Employment Insurance (EI)

Decision Information

Decision Content



Reasons and decision

Introduction

[1] On February 5, 2016, the General Division (GD) of the Social Security Tribunal of Canada (Tribunal) dismissed the Applicant’s appeal of a decision of the Canada Employment Insurance Commission (Commission). The Applicant had been denied an extension of time within which to seek reconsideration by the Commission. The Applicant appealed to the GD of the Tribunal.

[2] The Applicant attended the GD hearing, which was held by teleconference on February 4, 2016. The Respondent did not attend.

[3] The GD determined that:

  1. The Commission exercised its discretion under section 112 of the Employment Insurance Act (EI Act) in a judicial manner when it denied the Appellant’s request to extend the 30 day reconsideration period;
  2. The Commission considered all pertinent factors including the Applicant’s reasons for delay;
  3. The Applicant did not demonstrate a continuing intention to request the reconsideration; there was no evidence of a reasonable explanation for requesting a longer period for reconsideration; and the Applicant did not demonstrate a continued intention to request reconsideration; and
  4. The Applicant’s delay in requesting reconsideration does not meet the requirements of the Reconsideration Request Regulations.

Based on these conclusions, the GD dismissed the appeal.

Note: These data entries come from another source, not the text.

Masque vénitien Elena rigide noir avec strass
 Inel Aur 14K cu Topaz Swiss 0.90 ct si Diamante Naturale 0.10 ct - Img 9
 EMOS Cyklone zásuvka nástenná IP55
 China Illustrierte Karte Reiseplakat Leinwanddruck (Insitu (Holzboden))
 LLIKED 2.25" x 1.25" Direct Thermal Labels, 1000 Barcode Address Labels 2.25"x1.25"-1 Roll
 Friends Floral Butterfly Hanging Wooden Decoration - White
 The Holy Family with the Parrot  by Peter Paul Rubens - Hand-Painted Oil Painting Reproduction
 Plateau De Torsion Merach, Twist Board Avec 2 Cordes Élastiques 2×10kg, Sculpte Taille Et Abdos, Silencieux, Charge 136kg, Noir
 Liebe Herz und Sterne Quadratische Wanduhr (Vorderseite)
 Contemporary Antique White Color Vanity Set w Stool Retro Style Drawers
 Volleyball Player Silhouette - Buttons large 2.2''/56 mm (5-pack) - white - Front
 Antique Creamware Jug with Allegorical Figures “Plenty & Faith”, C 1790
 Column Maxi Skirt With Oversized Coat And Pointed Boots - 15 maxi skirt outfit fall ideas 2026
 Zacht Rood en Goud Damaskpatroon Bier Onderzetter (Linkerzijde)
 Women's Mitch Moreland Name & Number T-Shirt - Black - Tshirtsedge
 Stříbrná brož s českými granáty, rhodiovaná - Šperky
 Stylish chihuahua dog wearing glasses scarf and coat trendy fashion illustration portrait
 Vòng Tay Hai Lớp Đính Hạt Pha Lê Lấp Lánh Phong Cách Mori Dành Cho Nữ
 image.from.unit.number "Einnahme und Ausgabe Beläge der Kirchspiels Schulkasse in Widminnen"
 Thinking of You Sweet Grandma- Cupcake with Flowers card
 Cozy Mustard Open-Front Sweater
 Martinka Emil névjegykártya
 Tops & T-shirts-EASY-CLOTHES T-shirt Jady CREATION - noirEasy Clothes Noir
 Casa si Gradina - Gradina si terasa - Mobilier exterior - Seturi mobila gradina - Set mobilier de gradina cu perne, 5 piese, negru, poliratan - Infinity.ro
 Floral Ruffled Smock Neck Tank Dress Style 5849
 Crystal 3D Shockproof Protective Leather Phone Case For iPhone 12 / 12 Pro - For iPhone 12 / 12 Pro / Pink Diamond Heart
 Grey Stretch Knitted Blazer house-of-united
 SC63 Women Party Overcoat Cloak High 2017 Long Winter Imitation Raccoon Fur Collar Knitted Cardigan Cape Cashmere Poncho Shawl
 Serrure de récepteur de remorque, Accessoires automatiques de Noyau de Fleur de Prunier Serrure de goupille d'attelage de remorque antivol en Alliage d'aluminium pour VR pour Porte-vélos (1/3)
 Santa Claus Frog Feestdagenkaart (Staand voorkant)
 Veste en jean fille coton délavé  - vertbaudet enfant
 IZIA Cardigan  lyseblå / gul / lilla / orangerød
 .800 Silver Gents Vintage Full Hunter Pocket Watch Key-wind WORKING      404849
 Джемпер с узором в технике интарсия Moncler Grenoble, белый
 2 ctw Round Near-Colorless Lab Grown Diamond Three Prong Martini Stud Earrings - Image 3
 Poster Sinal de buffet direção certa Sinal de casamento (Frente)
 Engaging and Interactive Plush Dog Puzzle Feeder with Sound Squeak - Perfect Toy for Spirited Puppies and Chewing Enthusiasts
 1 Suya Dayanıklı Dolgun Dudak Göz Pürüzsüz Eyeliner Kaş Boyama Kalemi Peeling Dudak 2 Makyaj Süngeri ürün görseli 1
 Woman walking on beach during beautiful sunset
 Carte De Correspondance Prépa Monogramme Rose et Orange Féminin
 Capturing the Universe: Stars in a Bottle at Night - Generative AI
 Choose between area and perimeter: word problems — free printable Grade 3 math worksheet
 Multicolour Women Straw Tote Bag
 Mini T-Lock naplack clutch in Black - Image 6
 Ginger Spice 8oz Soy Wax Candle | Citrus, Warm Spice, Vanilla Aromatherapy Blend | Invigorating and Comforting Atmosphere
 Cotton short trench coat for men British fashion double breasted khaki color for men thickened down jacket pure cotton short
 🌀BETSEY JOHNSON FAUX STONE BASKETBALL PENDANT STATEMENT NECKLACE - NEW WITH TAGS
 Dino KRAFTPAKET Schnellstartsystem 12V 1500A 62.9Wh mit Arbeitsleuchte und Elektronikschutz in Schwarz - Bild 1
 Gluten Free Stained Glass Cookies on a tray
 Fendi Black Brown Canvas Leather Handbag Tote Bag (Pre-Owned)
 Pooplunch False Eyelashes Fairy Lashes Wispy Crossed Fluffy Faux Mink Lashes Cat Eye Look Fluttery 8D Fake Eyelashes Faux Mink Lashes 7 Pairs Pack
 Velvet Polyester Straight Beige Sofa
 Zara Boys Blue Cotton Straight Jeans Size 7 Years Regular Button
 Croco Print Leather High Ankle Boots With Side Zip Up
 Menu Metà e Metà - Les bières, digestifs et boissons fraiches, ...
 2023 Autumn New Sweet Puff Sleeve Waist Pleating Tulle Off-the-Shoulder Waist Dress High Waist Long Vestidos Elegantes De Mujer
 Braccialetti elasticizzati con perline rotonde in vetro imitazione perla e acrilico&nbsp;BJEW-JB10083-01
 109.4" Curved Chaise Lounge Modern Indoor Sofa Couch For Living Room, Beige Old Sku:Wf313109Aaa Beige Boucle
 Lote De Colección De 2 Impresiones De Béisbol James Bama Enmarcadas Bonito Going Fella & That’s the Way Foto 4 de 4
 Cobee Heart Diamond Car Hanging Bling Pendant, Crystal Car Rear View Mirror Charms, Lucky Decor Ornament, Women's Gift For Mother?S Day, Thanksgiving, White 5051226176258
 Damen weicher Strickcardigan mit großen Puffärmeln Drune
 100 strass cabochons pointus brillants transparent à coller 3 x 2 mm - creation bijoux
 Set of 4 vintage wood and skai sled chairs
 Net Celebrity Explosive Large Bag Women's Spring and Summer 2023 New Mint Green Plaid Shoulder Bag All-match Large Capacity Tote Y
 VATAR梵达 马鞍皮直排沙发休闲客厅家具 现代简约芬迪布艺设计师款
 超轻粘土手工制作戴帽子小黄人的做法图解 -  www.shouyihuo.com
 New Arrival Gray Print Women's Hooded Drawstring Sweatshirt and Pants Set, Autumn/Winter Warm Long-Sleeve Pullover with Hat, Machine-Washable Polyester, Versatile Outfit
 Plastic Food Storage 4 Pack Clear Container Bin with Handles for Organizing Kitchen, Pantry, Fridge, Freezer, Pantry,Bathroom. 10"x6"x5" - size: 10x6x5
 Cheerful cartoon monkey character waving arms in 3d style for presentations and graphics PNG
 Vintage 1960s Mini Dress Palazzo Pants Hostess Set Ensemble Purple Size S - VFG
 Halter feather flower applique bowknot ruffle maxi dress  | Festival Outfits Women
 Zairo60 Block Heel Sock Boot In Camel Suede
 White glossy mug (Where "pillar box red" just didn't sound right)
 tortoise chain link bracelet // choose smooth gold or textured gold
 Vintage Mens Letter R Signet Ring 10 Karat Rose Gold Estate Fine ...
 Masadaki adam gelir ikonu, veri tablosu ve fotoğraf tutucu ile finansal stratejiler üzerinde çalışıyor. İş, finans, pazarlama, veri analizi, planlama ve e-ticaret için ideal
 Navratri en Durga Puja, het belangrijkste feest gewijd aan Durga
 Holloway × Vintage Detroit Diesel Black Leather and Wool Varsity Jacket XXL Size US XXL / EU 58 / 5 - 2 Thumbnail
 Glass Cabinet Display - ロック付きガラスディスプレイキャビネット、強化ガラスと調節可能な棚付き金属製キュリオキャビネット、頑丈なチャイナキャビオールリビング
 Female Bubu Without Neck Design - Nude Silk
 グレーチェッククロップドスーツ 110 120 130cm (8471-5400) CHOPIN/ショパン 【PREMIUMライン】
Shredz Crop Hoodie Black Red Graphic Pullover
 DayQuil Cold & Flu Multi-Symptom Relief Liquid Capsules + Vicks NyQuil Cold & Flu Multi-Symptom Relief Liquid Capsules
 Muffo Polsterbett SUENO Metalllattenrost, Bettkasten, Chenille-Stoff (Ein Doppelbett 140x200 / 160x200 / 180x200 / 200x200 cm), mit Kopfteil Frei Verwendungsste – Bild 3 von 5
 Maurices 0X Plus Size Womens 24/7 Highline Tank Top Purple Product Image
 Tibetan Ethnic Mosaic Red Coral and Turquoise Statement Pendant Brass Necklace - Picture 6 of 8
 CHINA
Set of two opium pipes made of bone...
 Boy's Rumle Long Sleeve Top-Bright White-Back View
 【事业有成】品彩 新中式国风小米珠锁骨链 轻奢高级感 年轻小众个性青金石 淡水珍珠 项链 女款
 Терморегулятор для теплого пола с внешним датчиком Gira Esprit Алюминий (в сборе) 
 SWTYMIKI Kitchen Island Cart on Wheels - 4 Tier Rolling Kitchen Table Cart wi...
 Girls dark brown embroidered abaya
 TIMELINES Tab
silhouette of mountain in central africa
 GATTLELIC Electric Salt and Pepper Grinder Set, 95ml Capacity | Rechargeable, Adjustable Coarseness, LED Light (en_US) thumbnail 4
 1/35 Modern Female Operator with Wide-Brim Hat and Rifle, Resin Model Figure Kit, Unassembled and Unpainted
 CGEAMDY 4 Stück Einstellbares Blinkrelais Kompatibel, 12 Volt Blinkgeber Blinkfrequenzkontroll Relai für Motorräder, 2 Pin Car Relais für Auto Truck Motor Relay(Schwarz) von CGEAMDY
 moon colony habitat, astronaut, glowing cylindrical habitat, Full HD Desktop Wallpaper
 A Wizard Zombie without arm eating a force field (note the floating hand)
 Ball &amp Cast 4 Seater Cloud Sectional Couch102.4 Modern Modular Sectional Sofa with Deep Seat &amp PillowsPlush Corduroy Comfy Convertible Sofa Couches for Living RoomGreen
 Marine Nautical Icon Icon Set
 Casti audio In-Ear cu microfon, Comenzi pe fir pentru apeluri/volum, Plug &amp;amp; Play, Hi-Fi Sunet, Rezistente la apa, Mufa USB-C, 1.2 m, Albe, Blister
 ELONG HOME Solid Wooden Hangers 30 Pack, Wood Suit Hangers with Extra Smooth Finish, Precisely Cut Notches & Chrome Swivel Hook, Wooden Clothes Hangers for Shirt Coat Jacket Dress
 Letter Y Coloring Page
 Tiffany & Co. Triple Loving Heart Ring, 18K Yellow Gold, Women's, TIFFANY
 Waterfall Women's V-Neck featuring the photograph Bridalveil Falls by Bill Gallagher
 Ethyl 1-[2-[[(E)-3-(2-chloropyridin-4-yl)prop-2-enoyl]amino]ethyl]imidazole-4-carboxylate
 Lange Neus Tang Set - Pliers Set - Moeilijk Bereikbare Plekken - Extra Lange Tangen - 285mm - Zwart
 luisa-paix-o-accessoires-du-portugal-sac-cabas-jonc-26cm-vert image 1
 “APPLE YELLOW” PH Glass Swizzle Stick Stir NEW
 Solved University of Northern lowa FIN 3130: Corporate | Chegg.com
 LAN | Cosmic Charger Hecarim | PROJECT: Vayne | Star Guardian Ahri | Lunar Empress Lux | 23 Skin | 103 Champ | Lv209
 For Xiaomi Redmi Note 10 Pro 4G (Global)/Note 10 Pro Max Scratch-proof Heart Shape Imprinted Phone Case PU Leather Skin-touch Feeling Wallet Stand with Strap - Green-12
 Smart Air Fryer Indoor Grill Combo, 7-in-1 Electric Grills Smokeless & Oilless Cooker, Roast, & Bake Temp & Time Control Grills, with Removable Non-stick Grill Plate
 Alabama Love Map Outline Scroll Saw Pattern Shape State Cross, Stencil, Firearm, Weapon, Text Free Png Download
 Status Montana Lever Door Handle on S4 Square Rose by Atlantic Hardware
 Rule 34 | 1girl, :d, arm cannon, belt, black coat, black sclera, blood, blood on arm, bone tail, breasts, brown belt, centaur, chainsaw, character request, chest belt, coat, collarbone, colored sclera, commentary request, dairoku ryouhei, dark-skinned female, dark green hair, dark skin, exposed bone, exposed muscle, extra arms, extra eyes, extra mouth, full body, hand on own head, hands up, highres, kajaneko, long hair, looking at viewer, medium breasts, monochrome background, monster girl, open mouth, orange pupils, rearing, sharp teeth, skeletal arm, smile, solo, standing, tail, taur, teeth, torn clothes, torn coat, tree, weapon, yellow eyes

[4] The Applicant filed an application for leave to appeal (Application) with the Appeal Division (AD) of the Tribunal on March 6, 2016. The Application stated that he received the GD decision on February 20, 2016. The Application was filed within the 30 day time limit.

Issue

[5] Whether the appeal has a reasonable chance of success.

Law and analysis

[6] Pursuant to section 57 of the Department of Employment and Social Development Act (DESD Act), an application must be made to the AD within 30 days after the day on which the decision appealed from was communicated to the appellant.

[7] According to subsections 56(1) and 58(3) of the DESD Act, “an appeal to the Appeal Division may only be brought if leave to appeal is granted” and “the Appeal Division must either grant or refuse leave to appeal.”

[8] Subsection 58(2) of the DESD Act provides that “leave to appeal is refused if the Appeal Division is satisfied that the appeal has no reasonable chance of success.”

[9] Subsection 58(1) of the DESD Act states that the only grounds of appeal are the following:

  1. (a) The General Division failed to observe a principle of natural justice or otherwise acted beyond or refused to exercise its jurisdiction;
  2. (b) The General Division erred in law in making its decision, whether or not the error appears on the face of the record; or
  3. (c) The General Division based its decision on an erroneous finding of fact that it made in a perverse or capricious manner or without regard for the material before it.

[10] The Applicant’s grounds of appeal are that “natural justice was ignored” in that the GD did not use its authority to waive the 30 day period for an EI claimant to request reconsideration and that the GD based its decision on erroneous findings of fact. His arguments are based on his assertion that he did not receive the Commission’s letter of June 2013 or any other formal notification of the original violation; and that is the reason he was late requesting reconsideration.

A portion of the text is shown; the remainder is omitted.